On the back of the taskforce report, the DHSC published a winter plan for adult social care, to help the sector manage the impact of Covid-19 up until the end of March. Besides extending the ICF, it includes:
- The provision of free personal protective equipment to care homes and home care providers, until March 2021, through the existing PPE portal, which is designed to help services meet the additional PPE demands arising from the pandemic. Free stock will also be provided to councils and local resilience forums – multi-agency partnerships designed to tackle emergencies – for those providers unable to use the portal.

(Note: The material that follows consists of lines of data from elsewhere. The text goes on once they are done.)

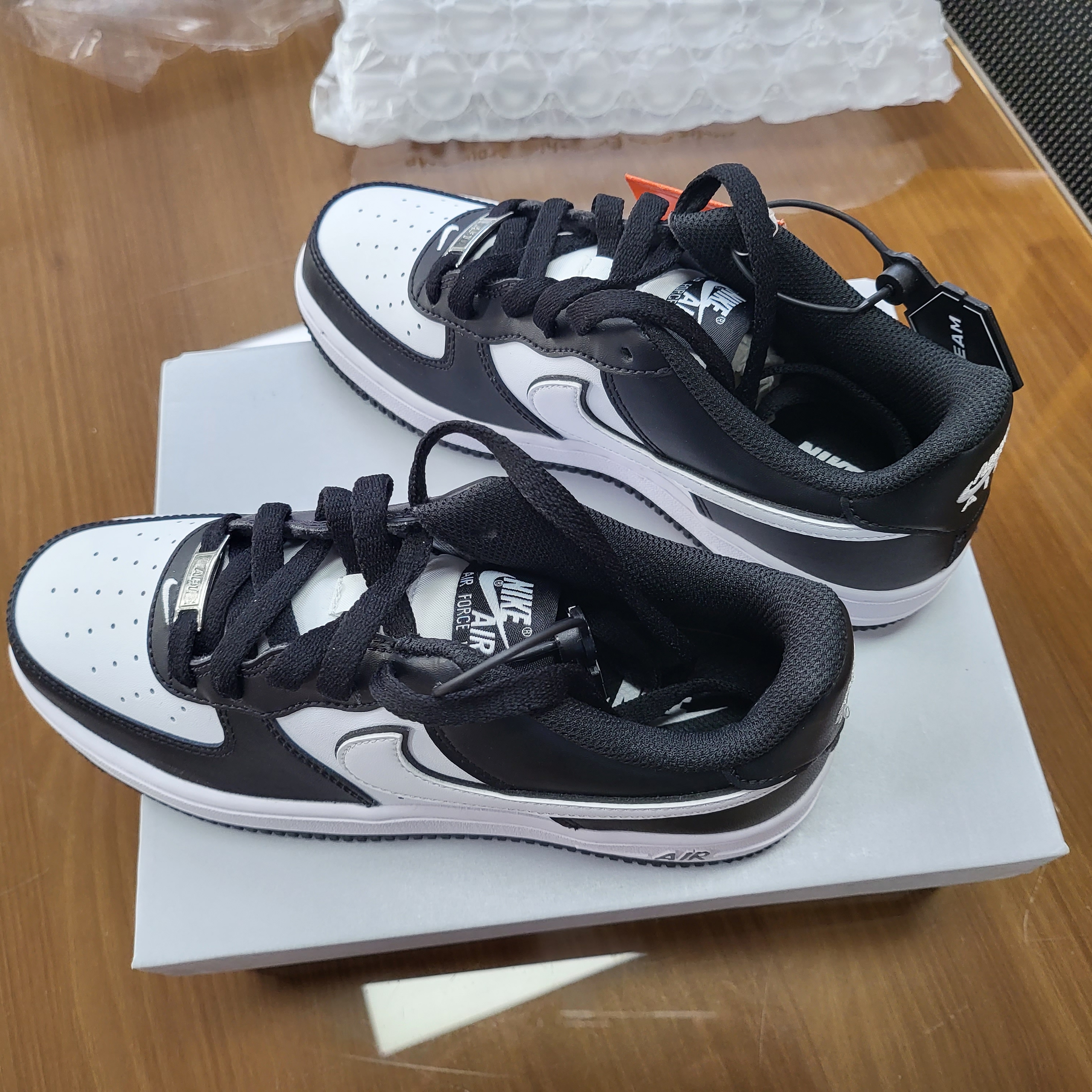 (GS) Nike Air Force 1 LV8 2 Black White 착용 스타일 - 2
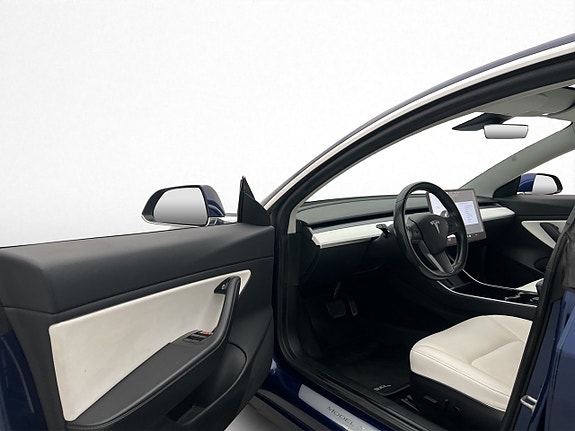 Tesla Model 3 11 of 30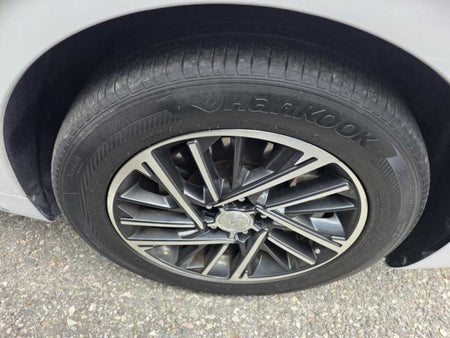 Hyundai Grandeur — photo 19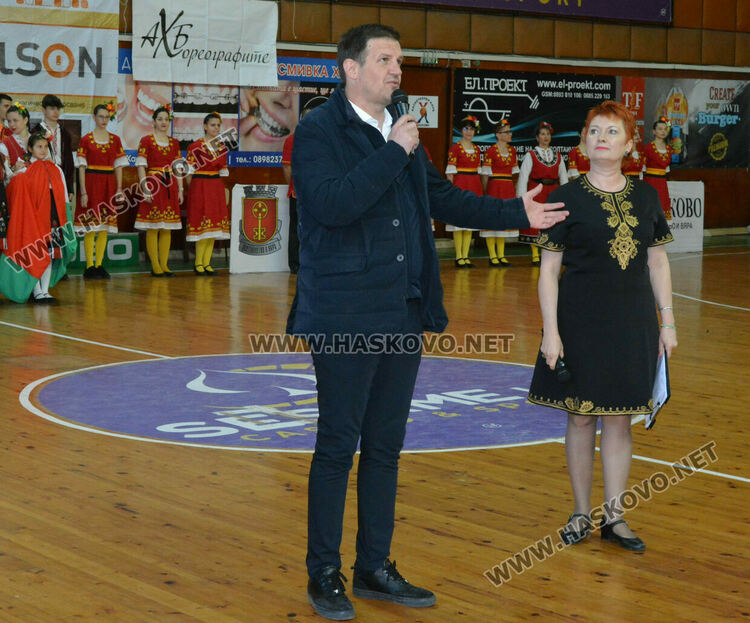 Над 1500 изпълнители танцуват във фестивала "Хайдушка софра" в Хасково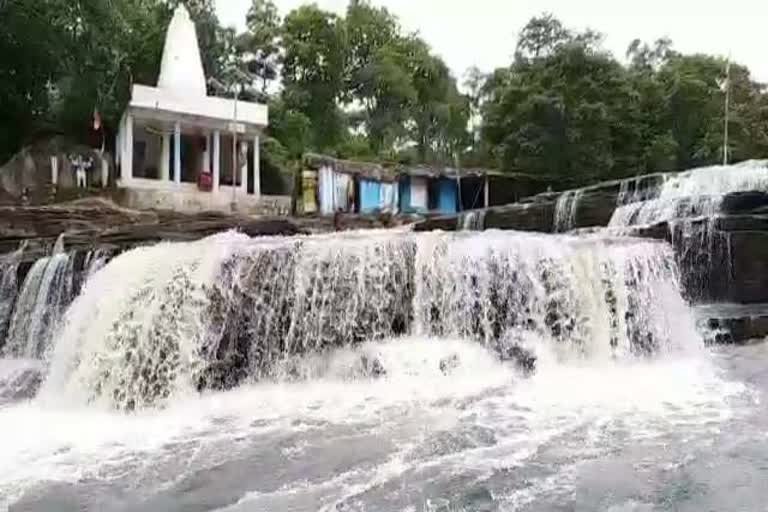 मन को तरोताजा कर देगी हरी-भरी वादियों में बहने वाली  जलप्रपात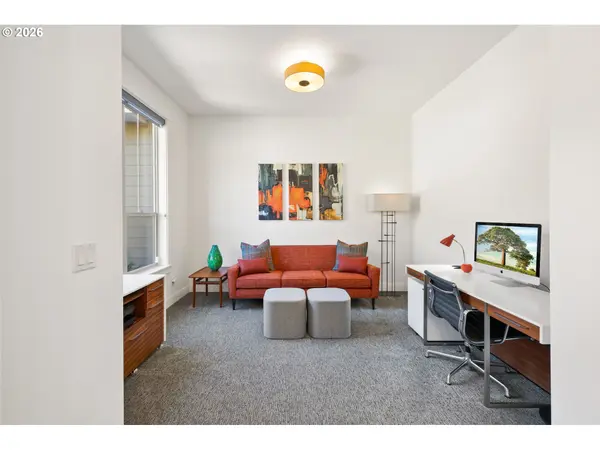 31826 NW Redhaven ST, Hillsboro, OR 97124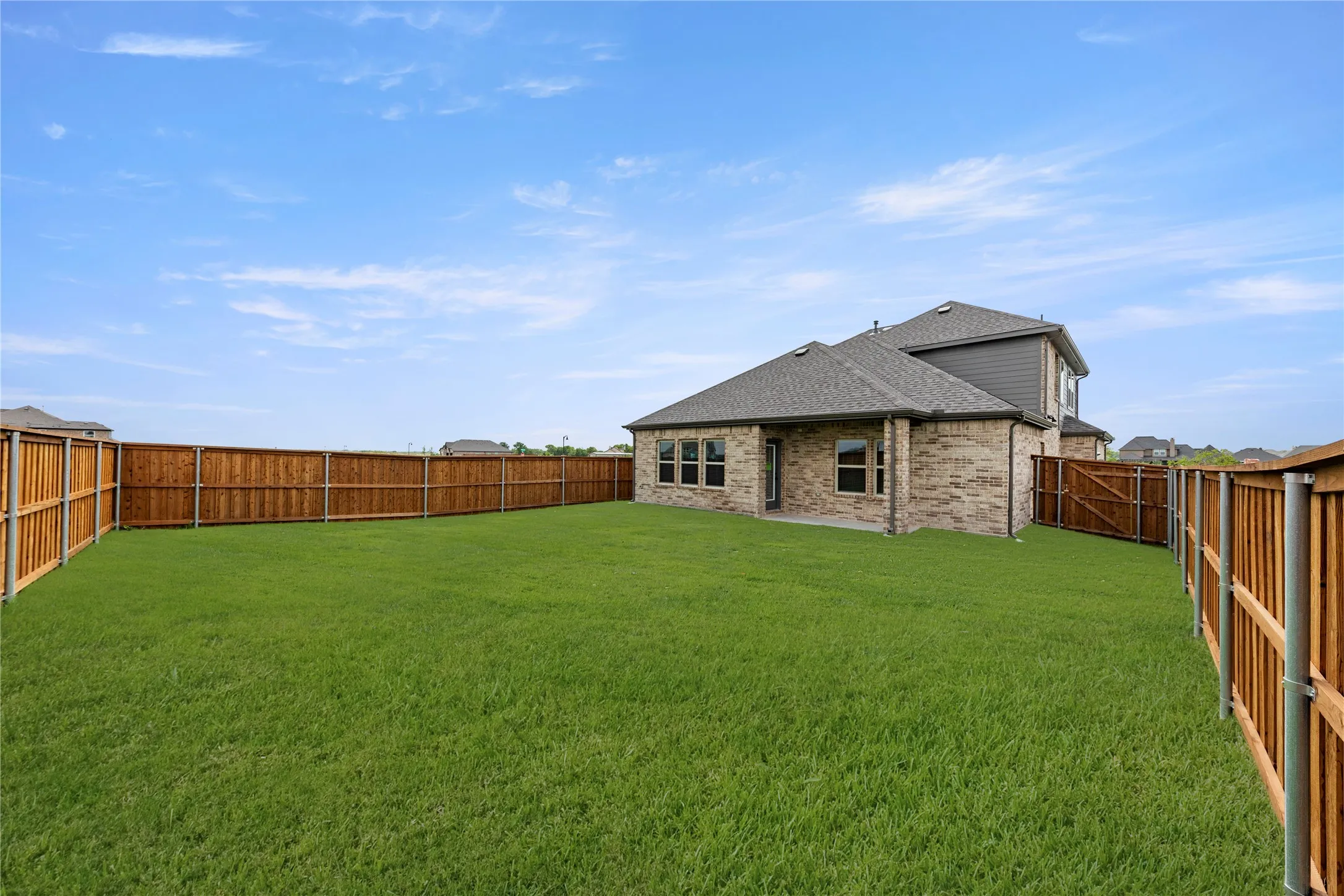 Single Family Residence For Sale in Kaufman County , 2374 Bell Way, Forney, Texas 75126, 5 Bedroom, 3 Bathroom, 2 Garage spaces, 2,547 Sqft, built in 2025, New Construction - Complete, mls#20977385, Real Estate Agent in Forney, Homes For Sale in Kaufman county, Homes For Sale in Forney, Realtor in Forney Texas, Real Estate Brokerage Independent Realty Texas, Luminita Cordes Realtor
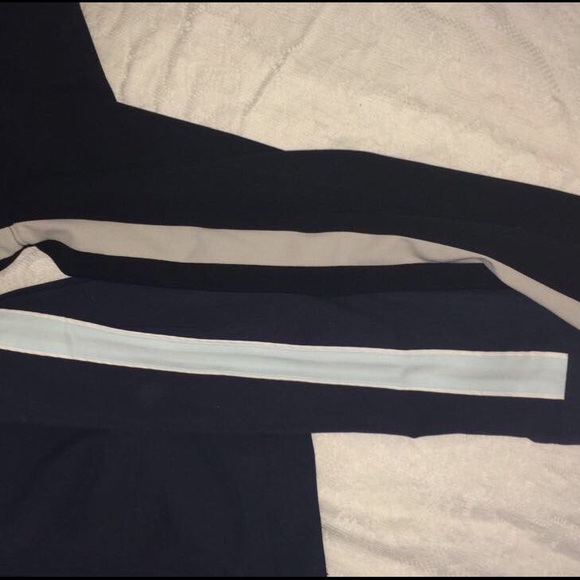 2 Vintage Nike windbreakers - Picture 2 of 8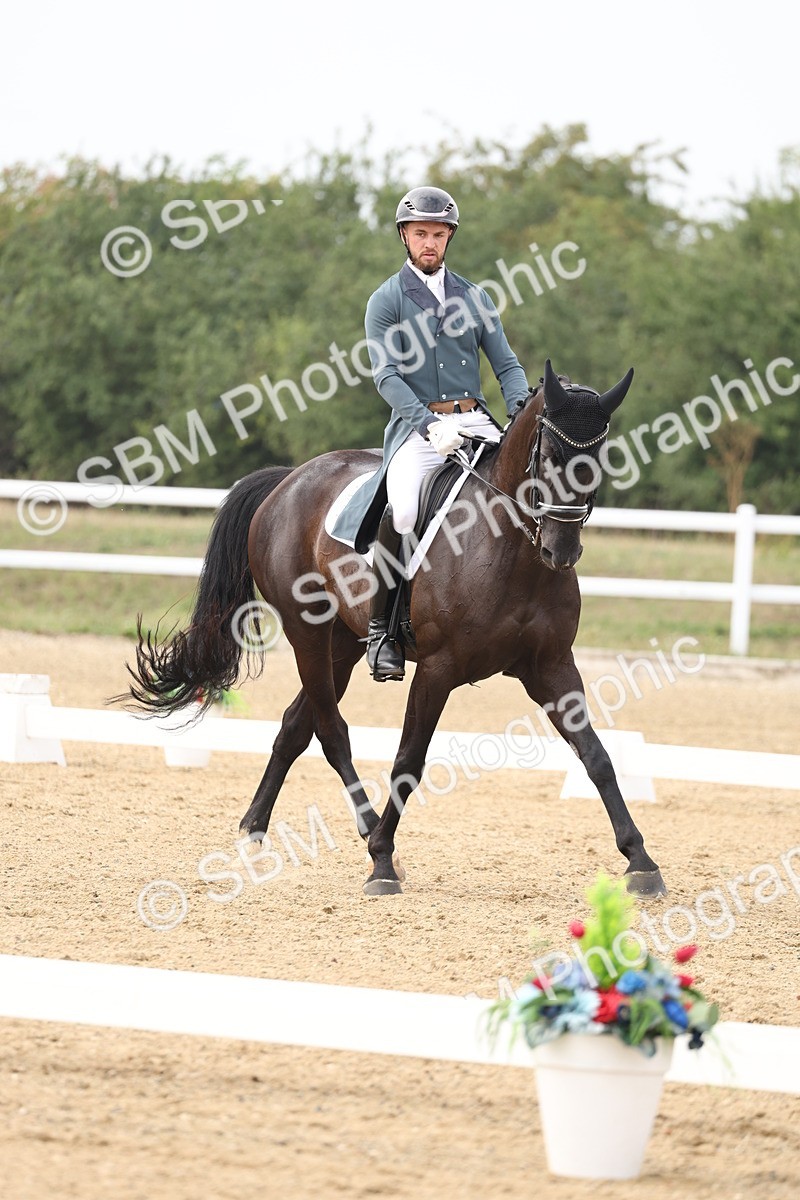 SBM_008323 - Class 10 - FEI INT I - 16.10-16.50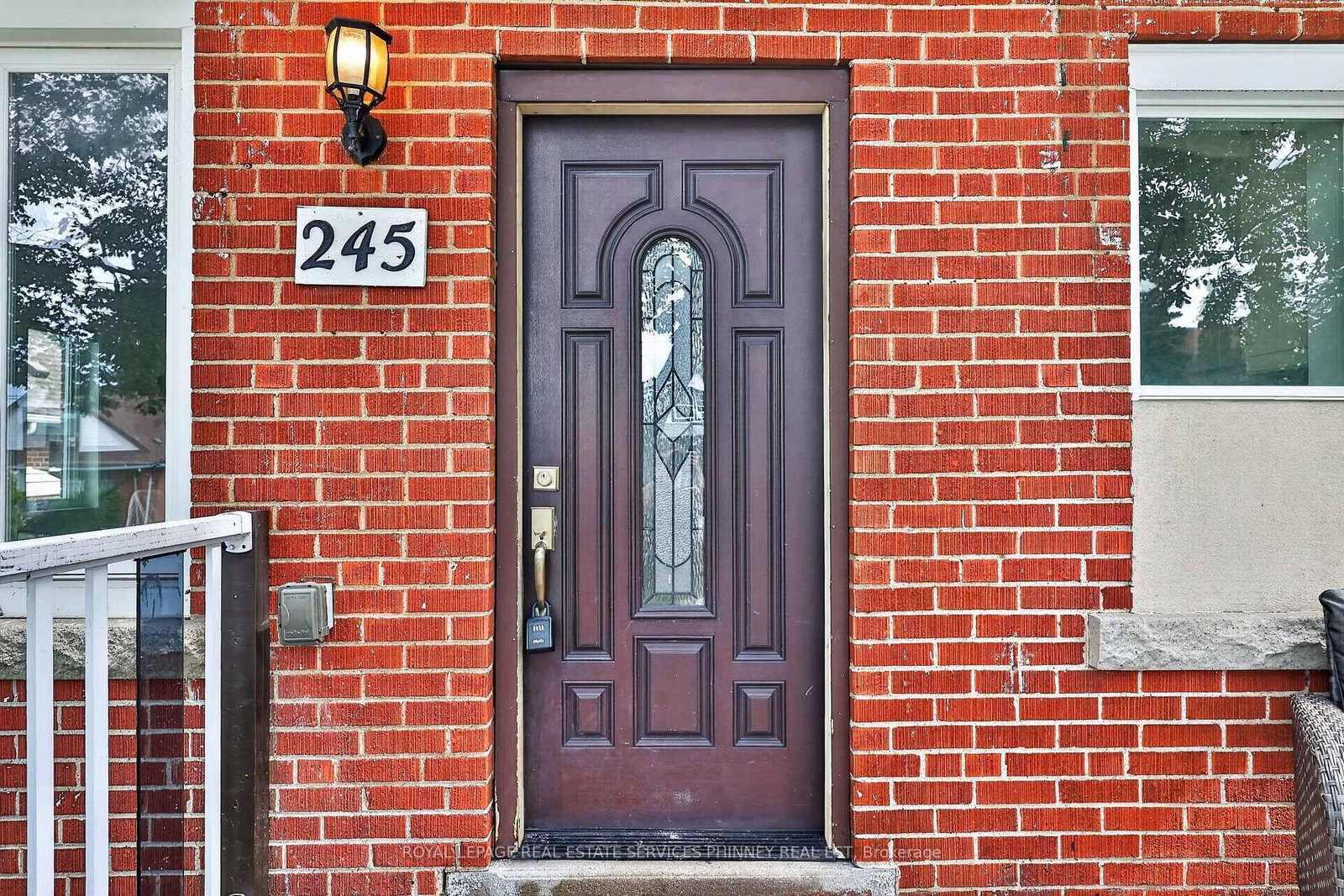 245 Glenholme Avenue • Hamilton, ON photo 5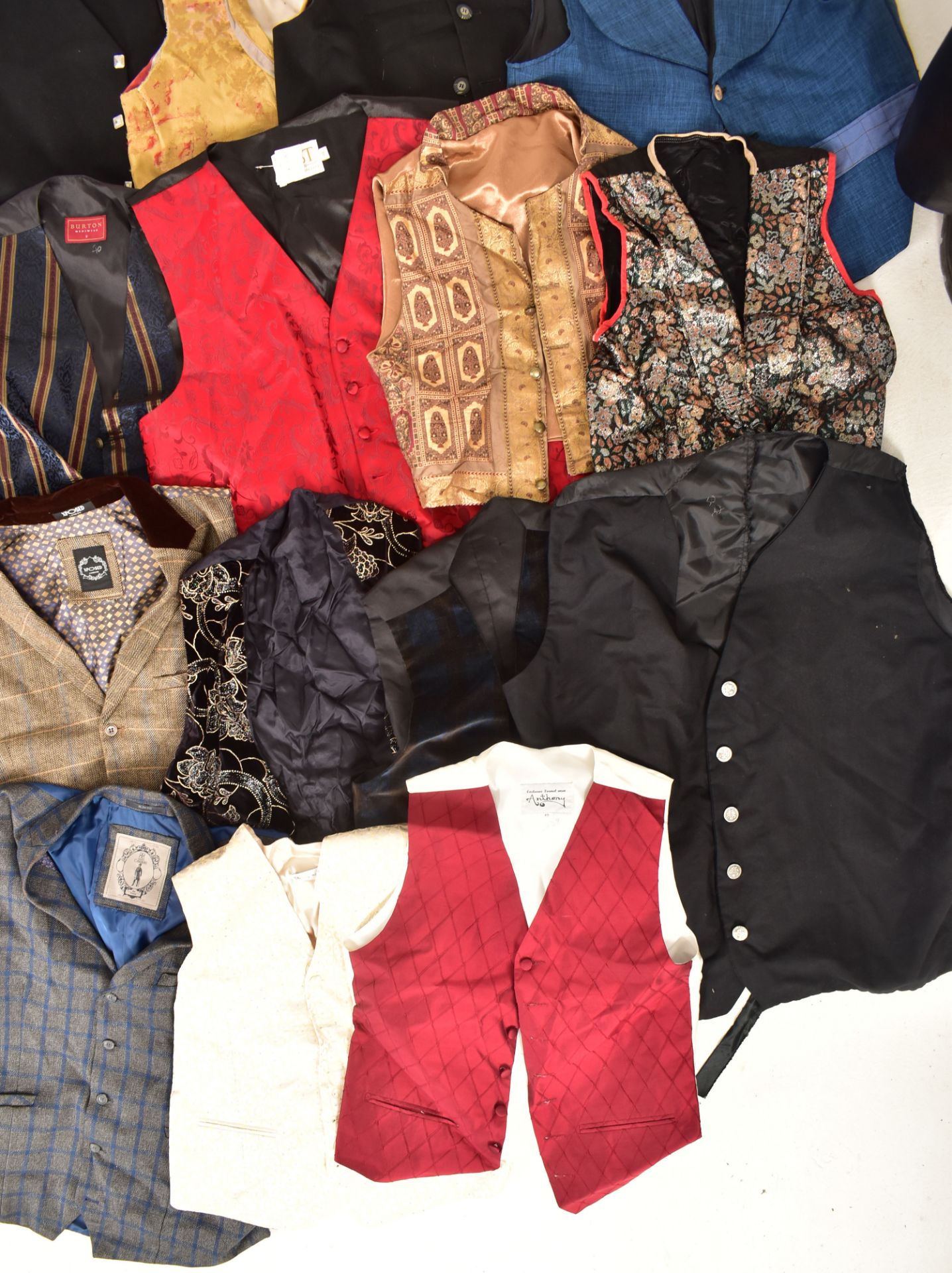 LARGE COLLECTION OF VINTAGE THEATRE & FANCY DRESS WAISTCOATS - Bild 5 aus 5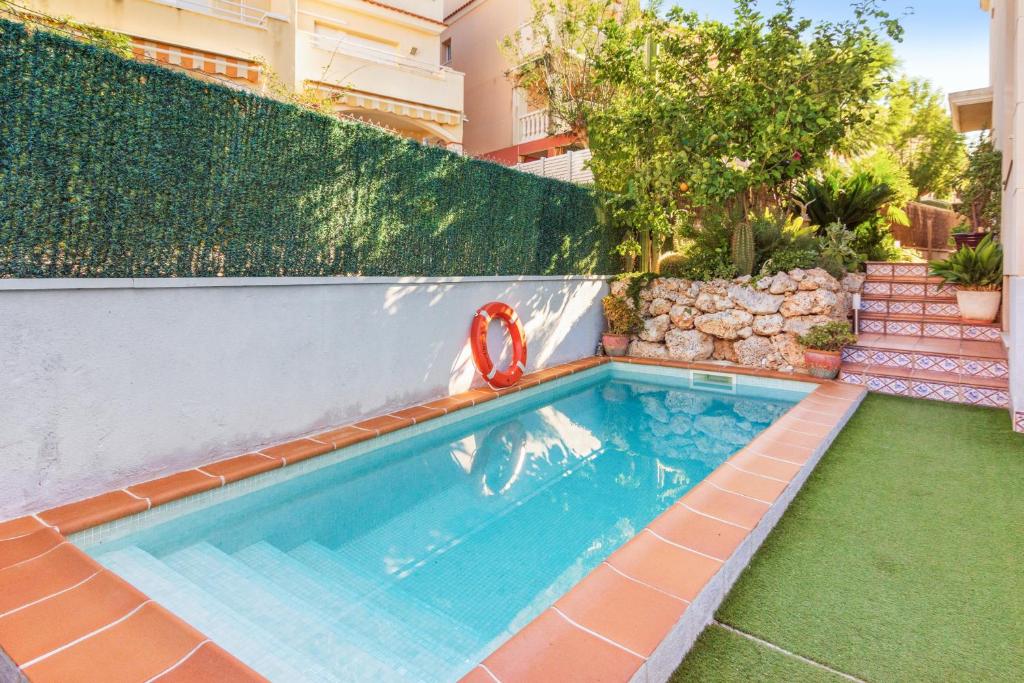 Swimmingpoolen hos eller tæt på 4 bedrooms villa at Torredembarra 160 m away from the beach with sea view private pool and enclosed garden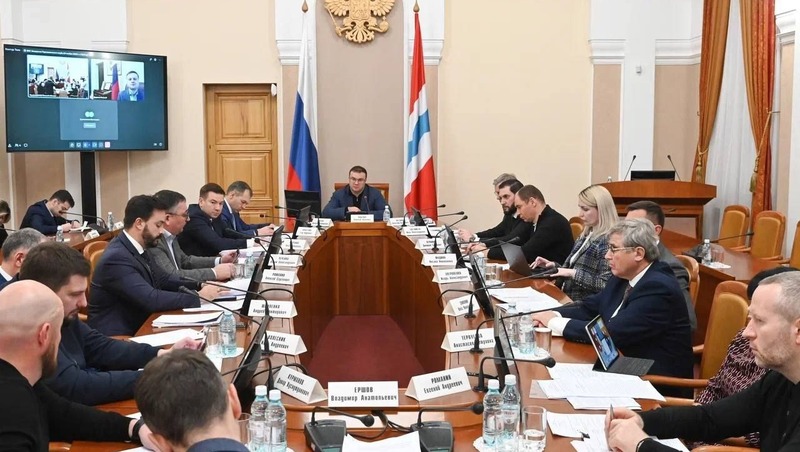 Хоценко обсудил с парламентариями ключевые проекты развития Омской области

- Providing six weeks’ care and support for those discharged from hospital with needs, and urgent support for those at risk of a hospital admission.
- Developing a scheme in which the Care Quality Commission will designate care homes as safe to receive Covid-positive people from hospital, and requiring councils to provide alternative accommodation for people discharged whose care home cannot accommodate them.
- Providing free flu vaccines to all social care staff in frontline roles, including personal assistants funded by direct payments, personal budgets or personal health budgets.
The taskforce included leaders from across the sector, including ADASS, the Local Government Association, the CQC and Unison, as well as representatives from government departments.
Though its work was time-limited, running from mid-June to late August, Pearson said that the DHSC had asked it to continue advising government on the pandemic, along with eight advisory groups set up to deal with specific issues, including carers, self-directed support, the impact of Covid on people from Black Asian and minority ethnic groups, and the workforce.
In its report, the workforce advisory group called for a rapid review into the pay and conditions of social care staff wtih a view to implementing significant rises before the end of the 2020-21 financial year. Though the DHSC is yet to respond, Pearson said all the recommmendations of the advisory group would be responded to in due course.